359 reviews49 followers
September 29, 2020
In this essay from Hegel’s early career, Hegel articulates a conception of natural law that little resembles the notion as it is traditionally conceived. In fact, in his introduction to this University of Pennsylvania edition, H. B. Acton writes that “Hegel’s use of [natural law] in the title of this essay is somewhat paradoxical, since he rejects the whole idea that society is deliberately formed by the association of pre-existing individuals. Indeed, he goes further than this and in effect holds that the positive law of each state is more rational and fundamental than any supposed law of nature held to be valid always and everywhere” (16). It is true that in the first two-thirds of “The Scientific Ways of Treating Natural Law, Its Place in Moral Philosophy, and Its Relation to the Positive Sciences of Law,” the essay’s full, official title, Hegel critiques and rejects what he terms “empirical natural law” and “formal natural law,” each of which resembles more familiar natural law accounts. Yet however idiosyncratic and unprecedented Hegel’s conception of natural law is, he does explicitly seek to reconcile nature with law so as to rehabilitate the concept in a manner that both transcends the implicit conflict between the two and sublates deficient empirical and formal natural law accounts.
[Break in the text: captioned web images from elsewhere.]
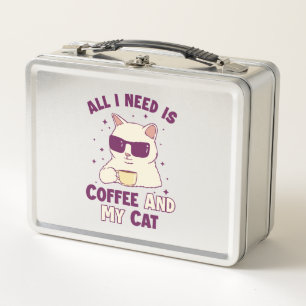 Coffee and my Cat Cat Daddy Cat Mom Cat Lovers Metal Lunch Box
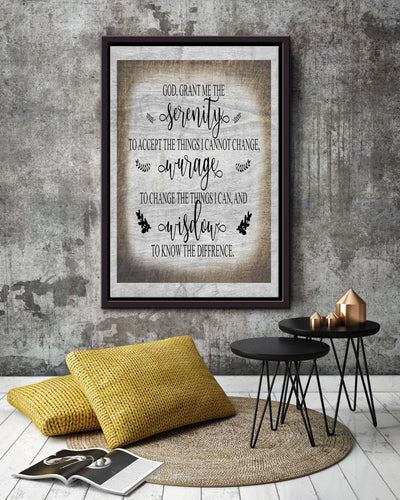 God Grant Me Bible Motivation Wall Art Gift For Chistant Home Decor Framed Canvas Framed Prints, Canvas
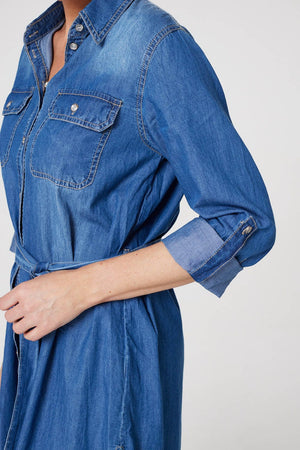 Blue | Tie Front Longline Denim Shirt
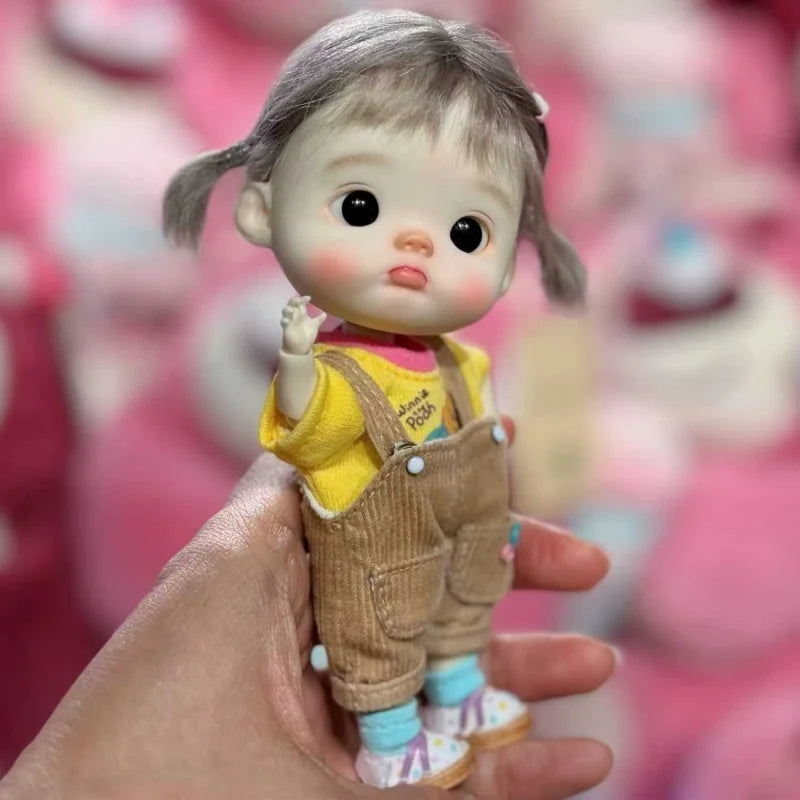 2Pcs/Set Doll [ Top+Bib]  Ob11 Printed T-shirt Big Fish Pants  (Fit  P9, 1/12Doll,GSC,Small Fat Dian)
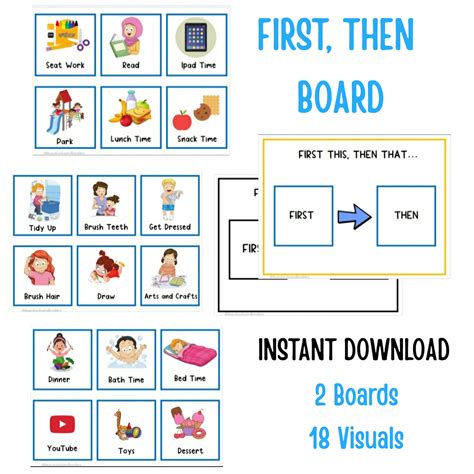 First Then Board Visual Aid Visual Schedule Toddler Etsy Visual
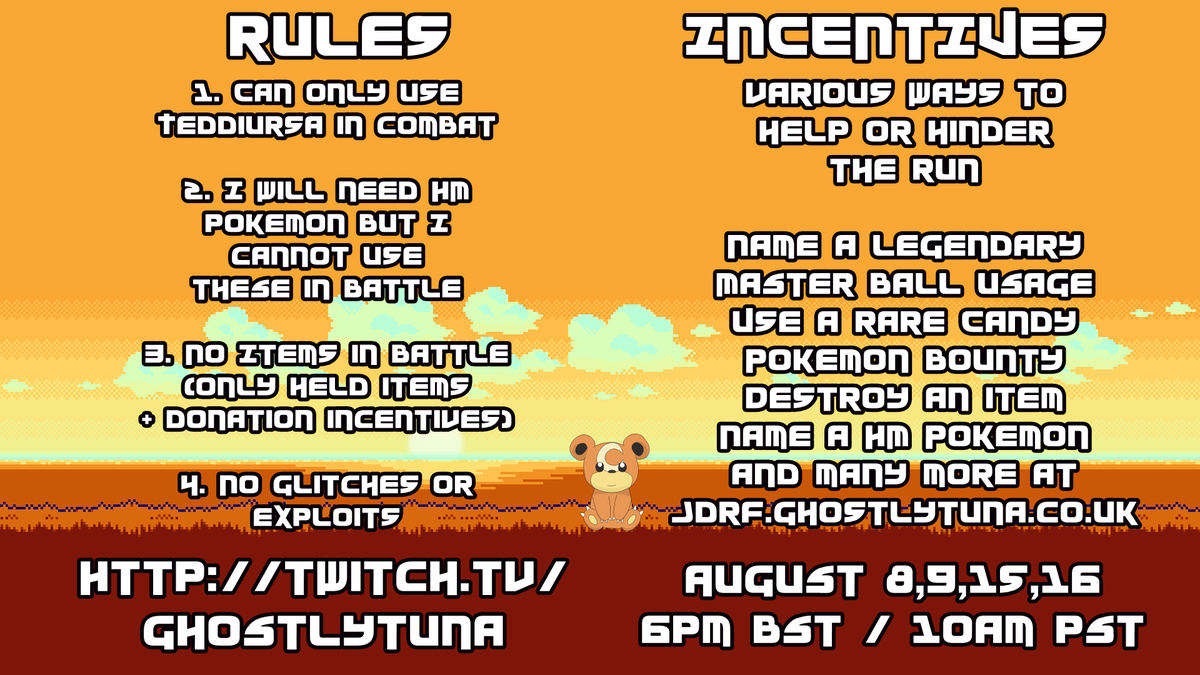 GhostlyTuna's tweet photo. We're back with day 2 of our @JDRFGame2Give charity stream! We're three badges down in Pokemon Leaf Green with only one Teddiursa! https://t.co/5q4C7ODvQl New incentives are live to make the run even harder. New bounties in an effort to eliminate type one diabetes! RT = <3 https://t.co/EgjpQLXLTJ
First, Hegel critiques empirical natural law, by which he means to refer to attempts to locate an absolute standard derived from observations of the world around us—what Hegel refers to as “inorganic nature.” Based on this empirical observation, the empirical philosopher can discern fundamental principles from which he can deduce an entire system of law and morals, justified with respect to the first, self-evident principle. Hobbes’s principle of self-preservation, which justifies the social contract that produces the Leviathan, offers one salient example of empirical natural law theory at work. Hegel, however, insists that because “this empirical science finds itself surrounded by a multiplicity of such principles, laws, ends, duties, and rights, none of which is absolute,” it “is bound also to conceive the picture of, and need for, the absolute unity of all these disconnected characteristics, and of an original and simple necessity” (61). In the end, Hegel claims, “one certain determinate aspect must be emphasized in order to reach a unity over this multiplicity; and that determinate aspect must be regarded as the essence of the relation” (60). This effort manifestly simplifies the full complexity of human political and ethical life and reduces it to a principle that, in view of such complexity, seems arbitrary. There is no clear reason or set of reasons to select one self-evident principle over another. When one does make such a choice, “one facet [of human sociality or existence] (expressed as end, destiny, or statute) must be given primacy over other facets of the multiplicity, and these must be posited as unreal and null by comparison with it” (67). In this way, empiricism utterly fails to capture ethical life in its fullness and complexity. The system which the empiricist thus deduces as a result of this reduction and simplification, then, must be deficient.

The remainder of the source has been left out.